* _Activity_: What needs reproducing is the run of lines in the data below starting at the line with "Team Avatar Names Mug" and ending at the line with "Easy Wilted Honey Butter Kale Recipe photo", both ends included. Copy it exactly, without pictures, and add nothing.
─── Excerpted data
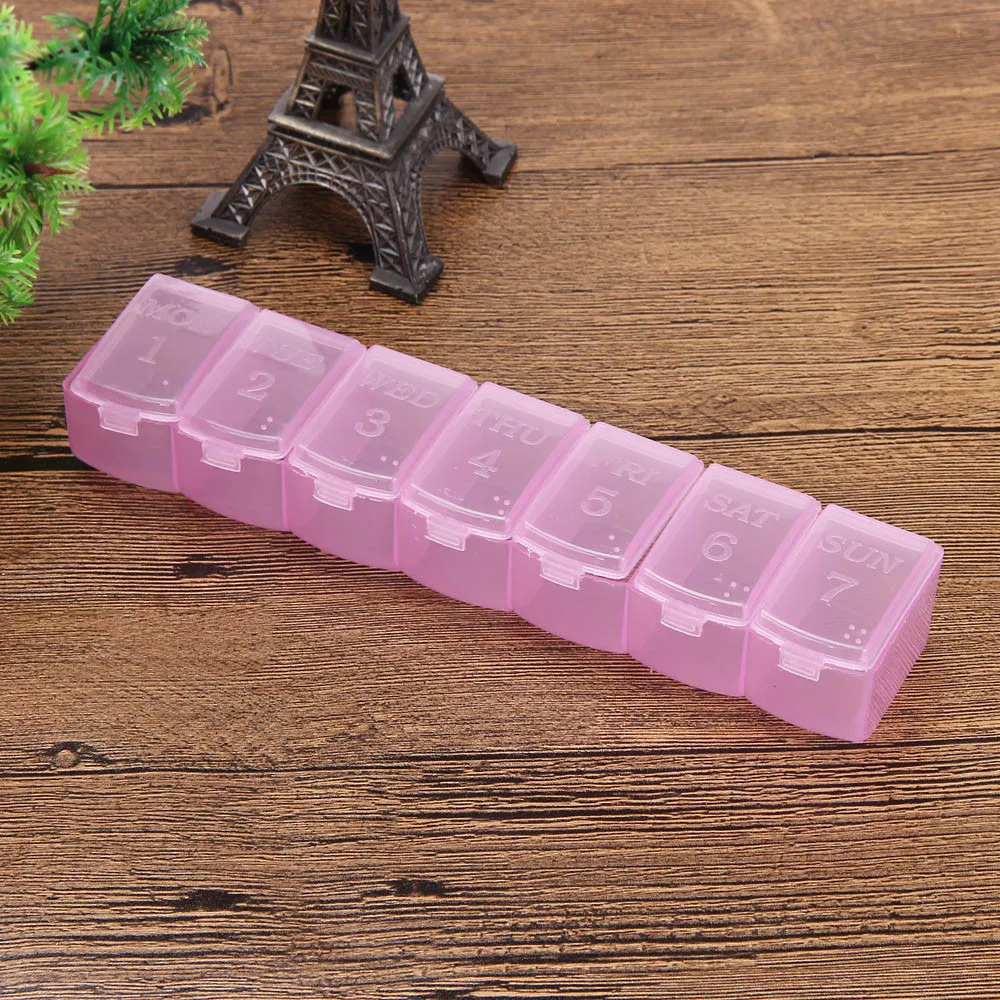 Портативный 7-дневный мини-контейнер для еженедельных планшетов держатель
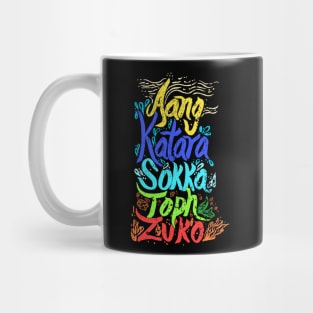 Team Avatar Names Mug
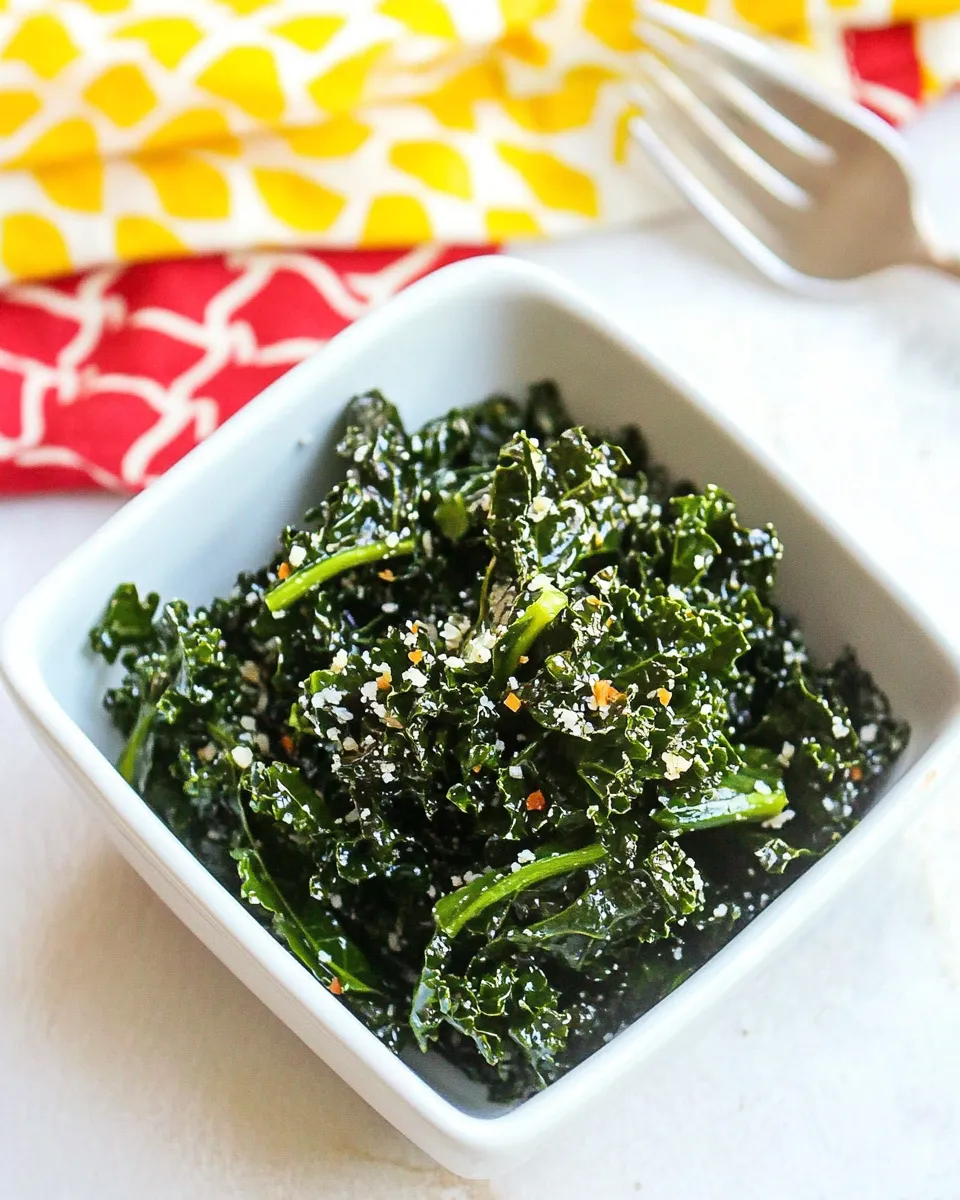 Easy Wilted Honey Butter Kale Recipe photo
──────
─── Excerpted data
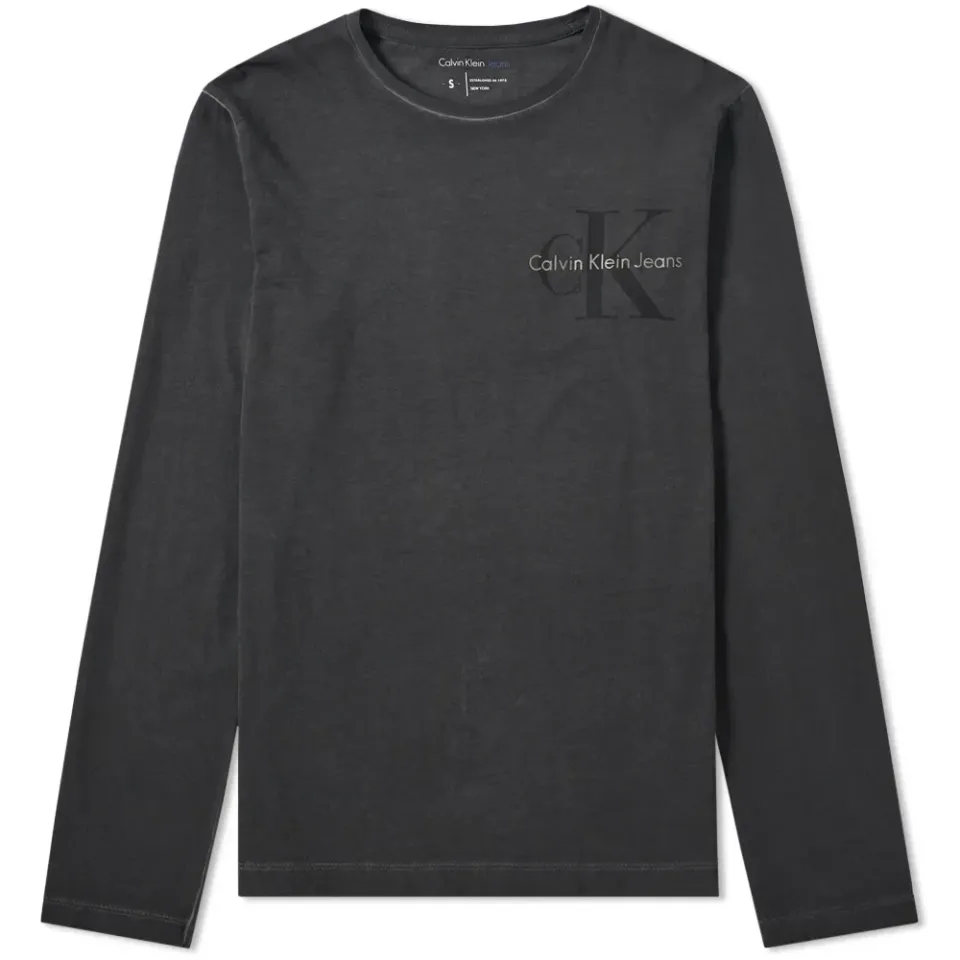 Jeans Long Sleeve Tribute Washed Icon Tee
──────
* _Reply_:
 Team Avatar Names Mug
 Easy Wilted Honey Butter Kale Recipe photo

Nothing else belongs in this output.